There is no excuse for Ken Anderson not being in the Hall of Fame
The NFL has released the candidates for its Hall of Fame “Centennial Class”. Many worthy names are on th4 ballot. One name not on this list is Bengals great Ken Anderson, and that is an absolute travesty.
Ask anyone who follows the Bengals who the greatest quarterback in franchise history is. Most will tell you it is Ken Anderson. After putting up historic numbers in his era and leading the Bengals to their first Super Bowl appearance. Anderson made the number 14 legendary in the Queen City.
Anderson has been Hall of Fame eligible for decades now. Fans, former teammates, and former opponents often speak of his worthiness for the Hall. The voters are laughably late to the party. At this point, it is almost impossible to understand.
A look at the numbers
Ken Anderson finished his career with 197 touchdown passes, 32,838 yards, and a quarterback rating of 81.9. This may not sound that impressive compared to what we see today. However, for the 70’s and 80’s, they are pretty remarkable. The NFL was much more of a run based league back then. Anderson completed over 60% of his throws for five straight seasons. This is long before the shotgun formation was a thing and check downs were an offensive staple.
Anderson had the league’s highest passer rating in four seasons during his career. This was in an era with the likes of Terry Bradshaw and Dan Fouts, who are both in the Hall of Fame. There are many other great quarterbacks who played during this era whose faces reside in Canton that at least by some measures, cannot boast a better statistical career than Anderson.
Anderson’s legacy goes beyond the numbers. He helped change the way the game was played forever. Before the 49ers became a dynasty and Joe Montana became a household name, there was a young offensive coordinator with an innovative new offense making waves, Bill Walsh. Strangely, the “West Coast” offense started on the banks of the Ohio River and Anderson was the original on-field orchestrator of it.
Without Anderson, you could argue there would be no Joe Montana or Bill Walsh as we know them today. Every offense in the NFL uses some variation of this scheme today. NFL legends like Brett Favre, Mike Holmgren, and Jon Gruden built their careers on it. The roots of it all go back to Anderson.
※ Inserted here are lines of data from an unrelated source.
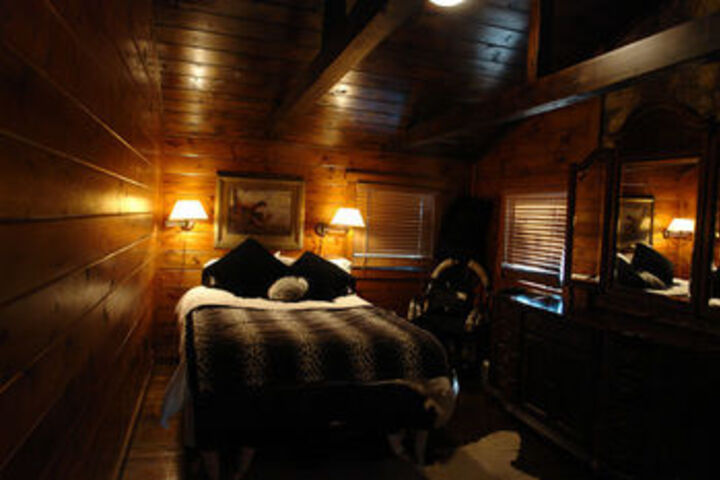 Room 11 of 25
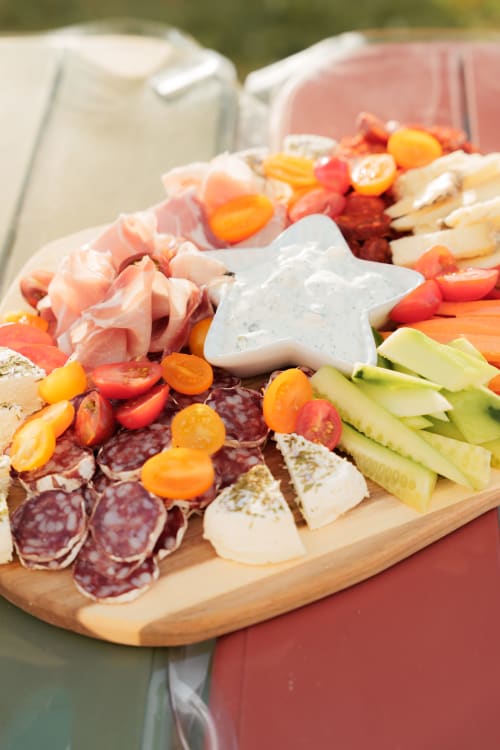 Plateau de charcuterie avec charcuteries, fromages, légumes frais et sauce au gîte Le Hameau de Céline dans les Landes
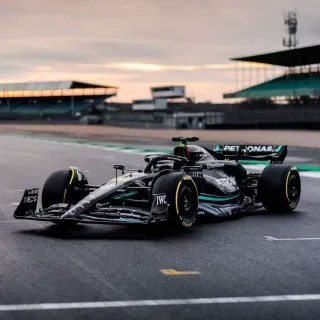 Mercedes Formula 1 iPhone wallpaper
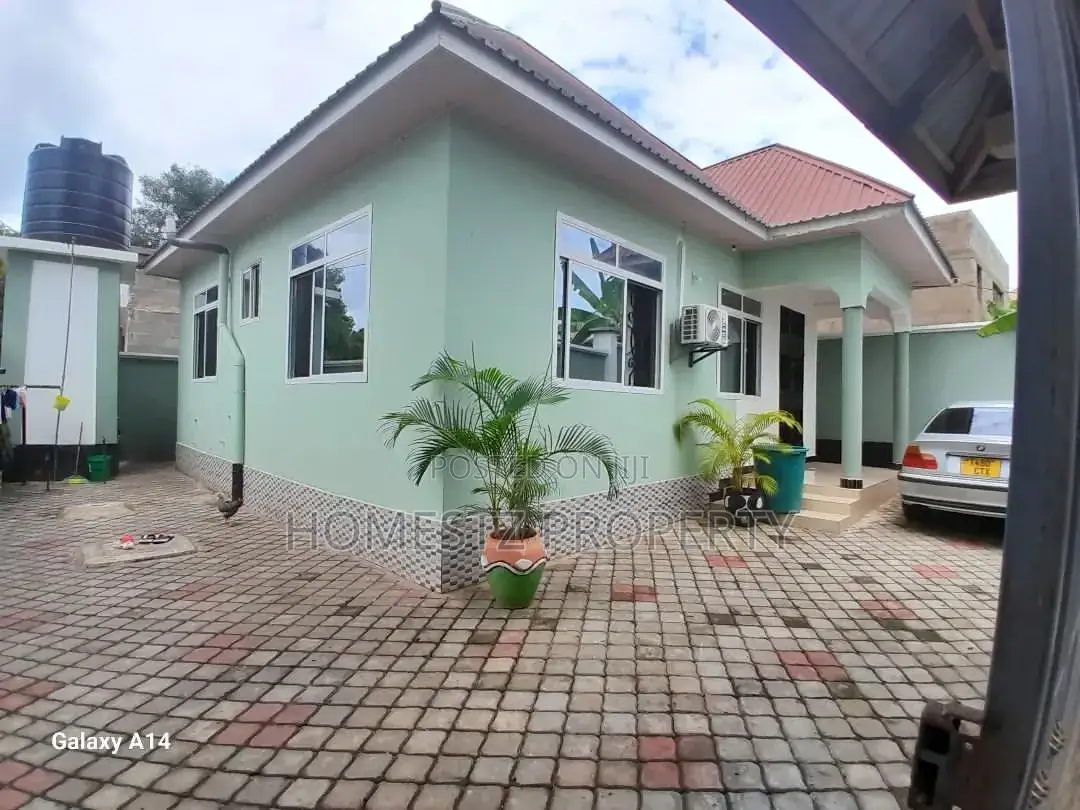 3bdrm House in Mbezi Msumi, Kinondoni for sale in Kinondoni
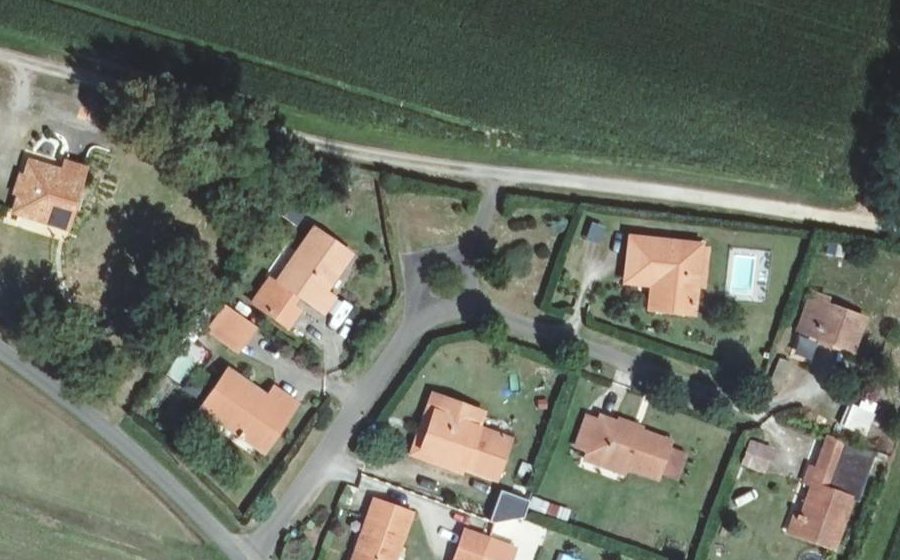 Vue aérienne du Rond-point anonyme n°407293569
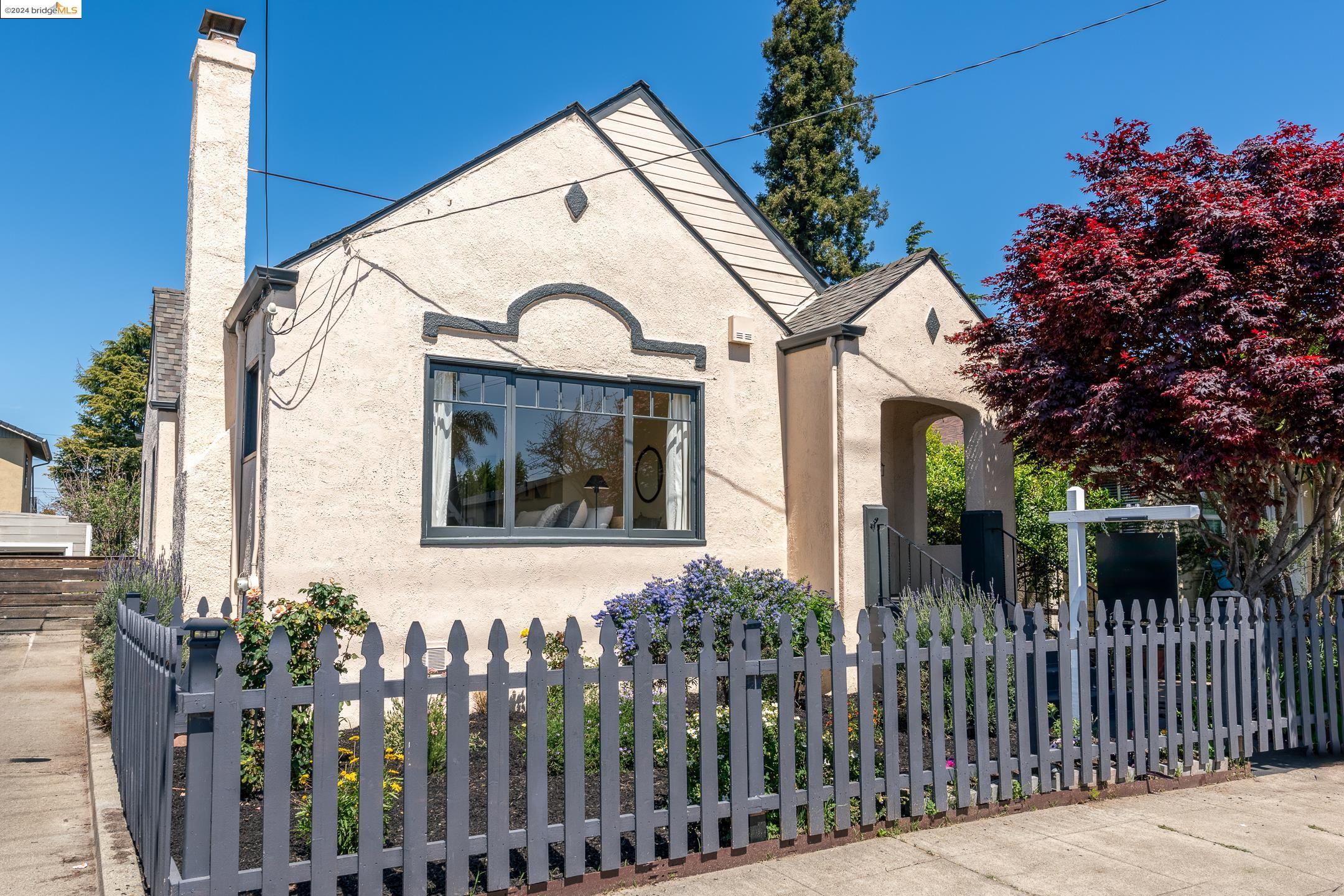 326 W Broadmoor Blvd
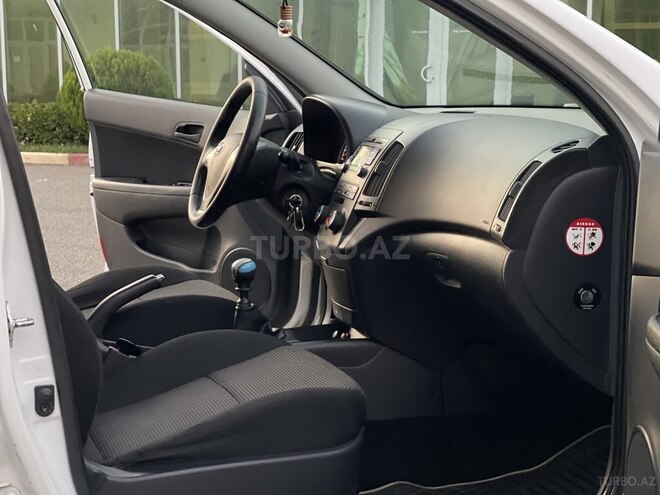 Hyundai i30 2009, 272,027 km - 1.4 л - İmişli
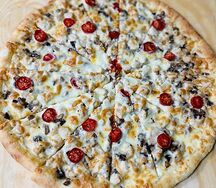 Пицца с курицей и грибами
He was the first quarterback to run that style of offense. and he did it really well, The Hall of Fame is supposed to be about people who changed and impacted the game, as well as statistics. You can argue that no one impacted the game more than Anderson.
Simply put, there is no reason why Ken Anderson should not be in the Hall of Fame. His numbers are on par with, and even exceed some other members of his era. He had as big an impact on the culture of NFL offense as anyone. The fact that Anderson is not a Hall of Famer is not an indictment on him, but is an indictment on the Hall of Fame process itself.